2.) Accelerated Filing of Adjustment of Status Applications:
Currently, many individuals with approved employment-based immigrant petitions (I-140) are unable to file Adjustment of Status (I-485) applications for green card status due to immigrant visa quota backlogs. Changes in the content and format of the Department of State’s Visa Bulletin and changes to the USCIS regulations may permit tens of thousands of individuals to file their Adjustment of Status applications earlier and obtain the benefits of a pending green card application. These benefits will enable affected employees to obtain employment authorization and advance parole, and to take advantage of green card portability. Because this new approach will require formal rulemaking, the change will not likely take effect until 2016.

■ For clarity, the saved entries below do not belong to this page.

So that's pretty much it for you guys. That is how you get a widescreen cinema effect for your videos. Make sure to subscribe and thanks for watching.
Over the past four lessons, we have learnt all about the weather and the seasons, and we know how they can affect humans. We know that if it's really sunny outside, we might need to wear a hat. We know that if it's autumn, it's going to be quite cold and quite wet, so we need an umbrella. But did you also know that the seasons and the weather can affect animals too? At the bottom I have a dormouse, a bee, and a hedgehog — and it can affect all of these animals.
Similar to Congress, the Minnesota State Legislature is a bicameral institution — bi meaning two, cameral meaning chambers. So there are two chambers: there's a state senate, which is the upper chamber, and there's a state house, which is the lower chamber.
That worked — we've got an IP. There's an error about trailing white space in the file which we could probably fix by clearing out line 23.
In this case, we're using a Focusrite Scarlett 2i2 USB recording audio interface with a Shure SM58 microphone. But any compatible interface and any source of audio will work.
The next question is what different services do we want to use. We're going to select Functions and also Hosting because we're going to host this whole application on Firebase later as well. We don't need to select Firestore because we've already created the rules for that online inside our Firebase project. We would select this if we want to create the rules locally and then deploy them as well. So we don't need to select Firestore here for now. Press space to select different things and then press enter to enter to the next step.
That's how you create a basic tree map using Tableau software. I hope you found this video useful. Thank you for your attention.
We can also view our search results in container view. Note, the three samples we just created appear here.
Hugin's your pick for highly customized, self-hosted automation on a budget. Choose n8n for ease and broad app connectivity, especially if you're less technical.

3.) Increased Worker Portability:
Current law allows employees whose Adjustment of Status have been pending with USCIS for 180 days to change jobs or employers without jeopardizing their application if the new job is in the “same or a similar” occupational classification as their old job. To help eliminate uncertainty in applying these terms, and offer clear guidelines for career promotion and worker mobility, USCIS will issue a policy memorandum to clarify what constitutes a “same or similar” job under current law.
4.) Visa Modernization:
In prior fiscal years, administrative delays caused the loss of many employment-based immigrant visa quota numbers and thus delayed the grant of green card status to eligible individuals. USCIS will work with the Department of State (DOS) to ensure that all immigrant visas authorized by Congress are issued to qualified beneficiaries. DOS has agreed to modify its visa bulletin to more simply and reliably determine when immigrant visas are available to applicants during the fiscal year.

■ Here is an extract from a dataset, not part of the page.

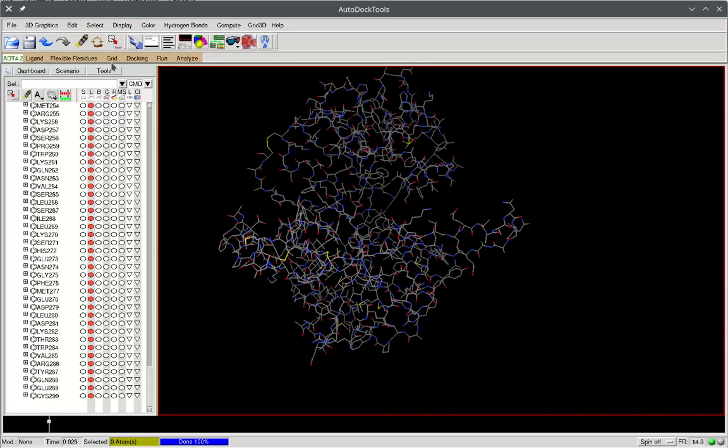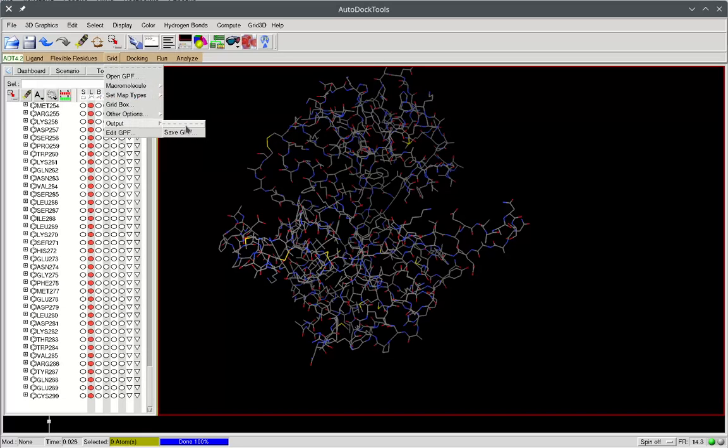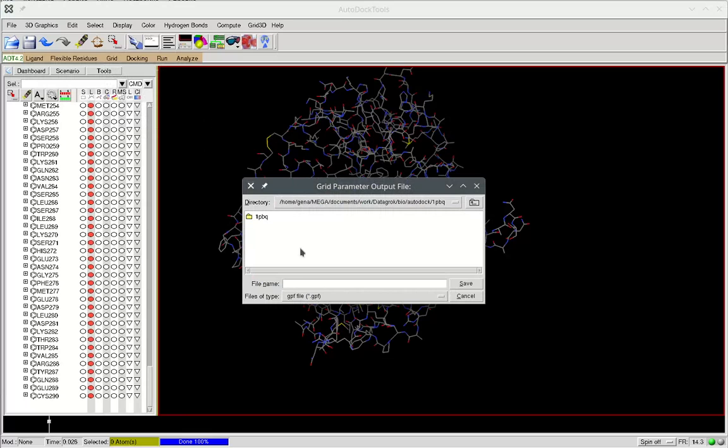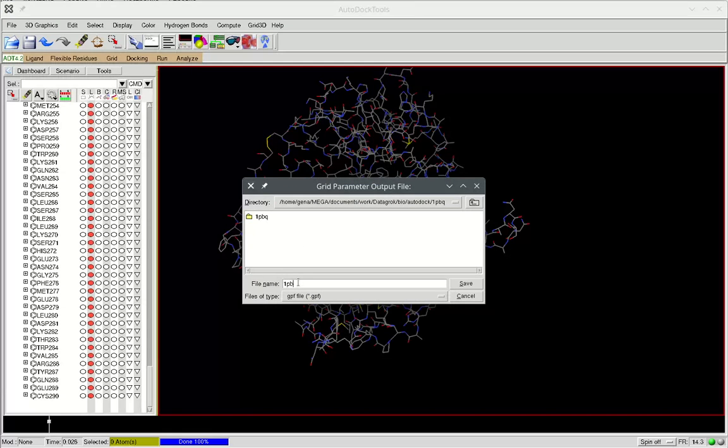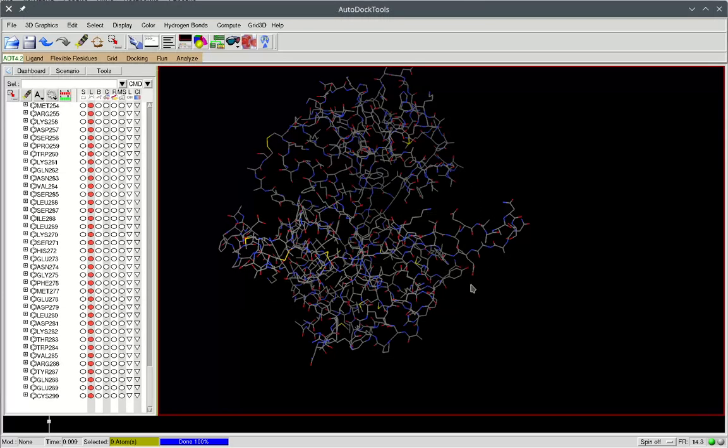After this we go to Grid Output and we save the grid parameter files. It should have the same name as the molecule itself, so I'm choosing 1PBQ GPF. Okay, that's it.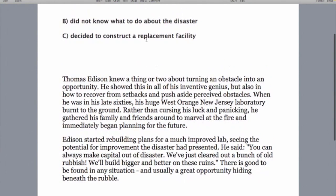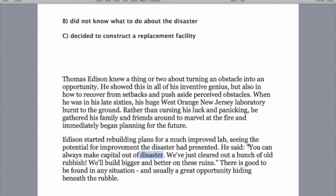What else have we got? 'Disaster.' Option B says he did not know what to do about the disaster. And here in the text we've got 'disaster' as well — and disaster again. Is this the right answer? No, it's not. Look for meaning. Always read the whole question — that's key advice, not keywords. Look at the whole question when looking for what the answer is. 'You can always make capital out of a disaster' — he knew what to do. He saw potential for improvement from the disaster. So even though the word is there, delete it.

5.) H-4 Spousal Work Authorization:
Current law does not allow spouses of H-1B visa holders (H-4 dependent spouses) to apply for work authorization. On May 12, 2014, DHS proposed a rule to extend work authorization to certain H-4 dependent spouses of H-1B visa holders who are in the green card process. The proposed rule reportedly will be finalized by January 2015.
6.) Extension of Optional Practical Training (OPT) for Certain Foreign Students:
Through a rulemaking process, the OPT period for Science, Technology, Engineering and Mathematics (STEM) graduates will be expanded and the relationship between the student and the school will be strengthened during the OPT period. Other changes also under consideration include allowing STEM OPT after the attainment of a master’s degree where only the first degree is in a STEM field. ICE and USCIS will clarify and implement these changes through regulations. In addition, through the promulgation of regulations, ICE and USCIS will take steps to ensure that OPT employment is consistent with U.S. labor market protections to safeguard the interests of U.S. workers in related fields. This may include a prevailing wage requirement for OPT employment. Because these changes will require formal rulemaking, the change will not likely take effect until late 2015 at the earliest.

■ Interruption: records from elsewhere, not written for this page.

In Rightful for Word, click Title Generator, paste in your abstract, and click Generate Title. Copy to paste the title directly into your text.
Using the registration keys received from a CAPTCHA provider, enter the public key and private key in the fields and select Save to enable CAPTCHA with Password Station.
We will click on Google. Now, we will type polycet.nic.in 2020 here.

7.) Enhancement of Opportunities for Foreign Inventors, Researchers, and Entrepreneurs:
To date, the “national interest waiver” for non-citizens with advanced degrees or exceptional ability has been underutilized and guidance is limited. USCIS will issue guidance or regulations to clarify the standard to make it clear that this waiver is not only for self-employed entrepreneurs. These new agency interpretations will help employers engaged in research and development to bypass the PERM Labor Certification process by filing national interest waivers for certain employees if the employer can demonstrate that the U.S. economy will benefit and jobs will be created through the permanent presence of an immigrant with exceptional ability.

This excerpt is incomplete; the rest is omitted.